◆ What you have to do
Could the data below please be reproduced word for word, without the pictures?

◆ Data block
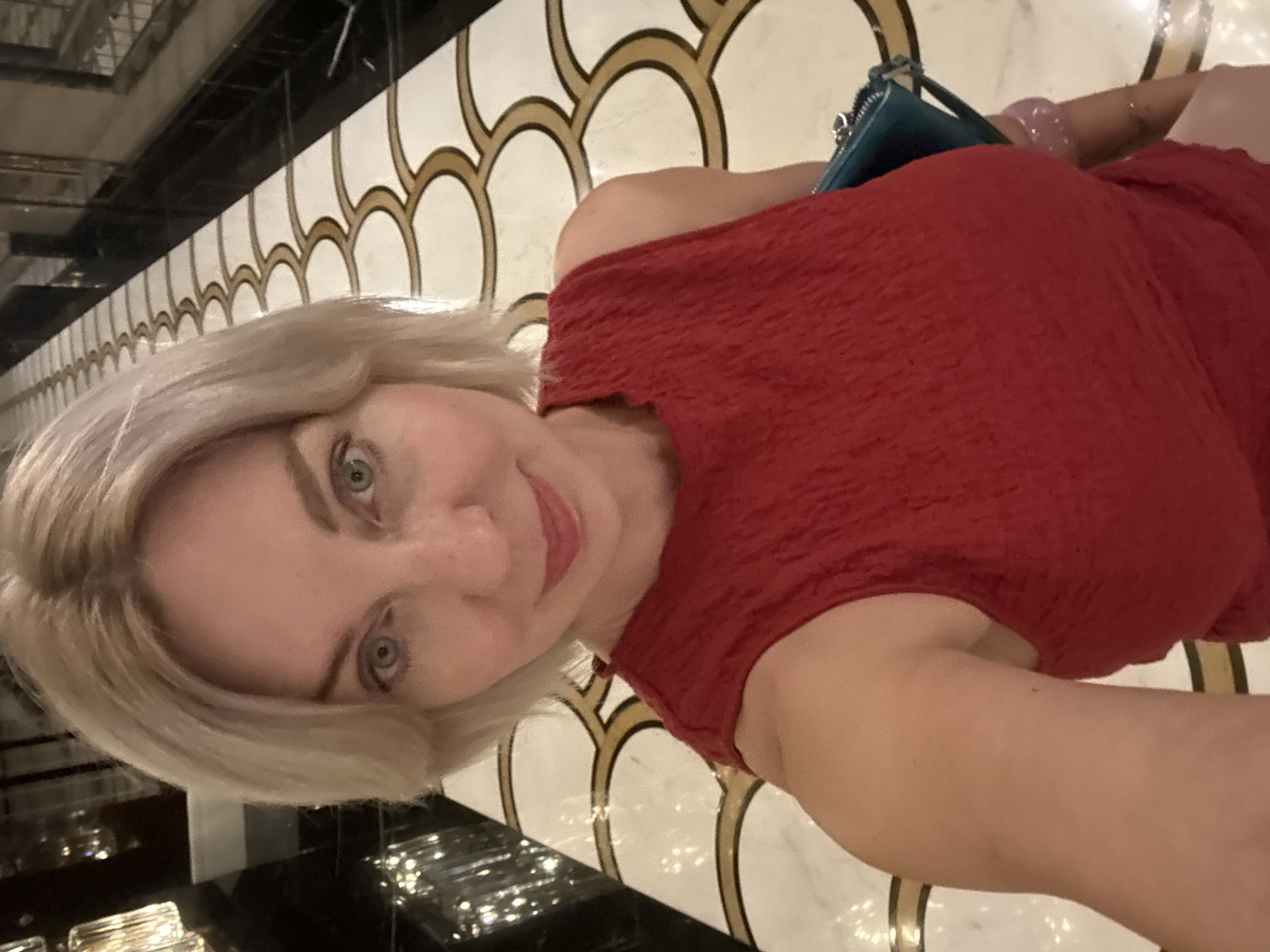 A blonde woman with blue eyes and fair skin, wearing a red textured sleeveless top and holding a teal clutch, stands in a hallway with a patterned marble floor and decorative lighting. The hallway features a repeating scalloped pattern on the floor in white and gold. The woman is looking at the camera and smiling. She is wearing a few bracelets on her left arm. The image appears to be a selfie taken indoors. The specific location is stated as Estosadok, Russia, implying a hotel or resort setting.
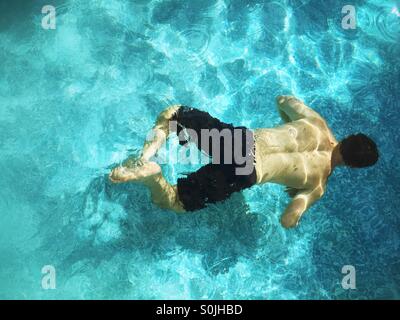 Teenager boy swimming underwater in outdoor swimming pool. Stock Photo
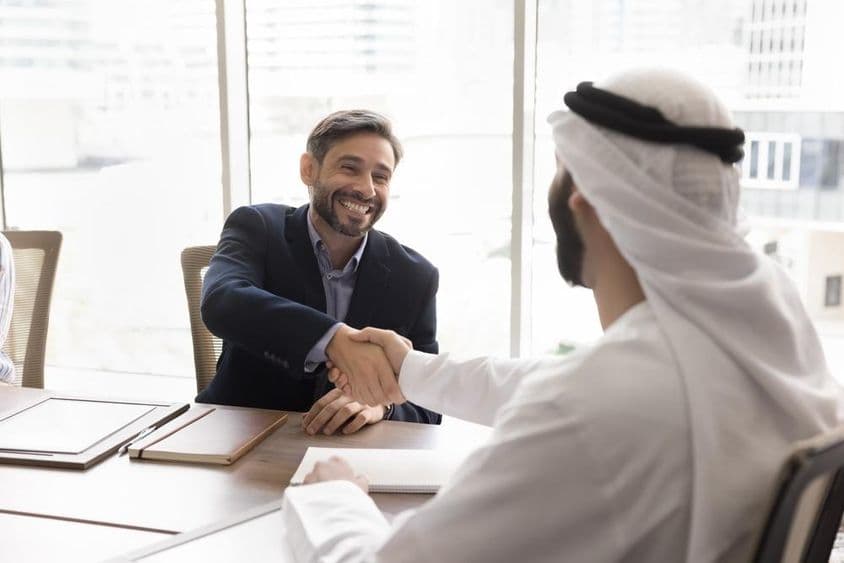 Vidám üzletember kezet fog arab partnerével.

◆ Answer to the exercise
 A blonde woman with blue eyes and fair skin, wearing a red textured sleeveless top and holding a teal clutch, stands in a hallway with a patterned marble floor and decorative lighting. The hallway features a repeating scalloped pattern on the floor in white and gold. The woman is looking at the camera and smiling. She is wearing a few bracelets on her left arm. The image appears to be a selfie taken indoors. The specific location is stated as Estosadok, Russia, implying a hotel or resort setting.
 Teenager boy swimming underwater in outdoor swimming pool. Stock Photo
 Vidám üzletember kezet fog arab partnerével.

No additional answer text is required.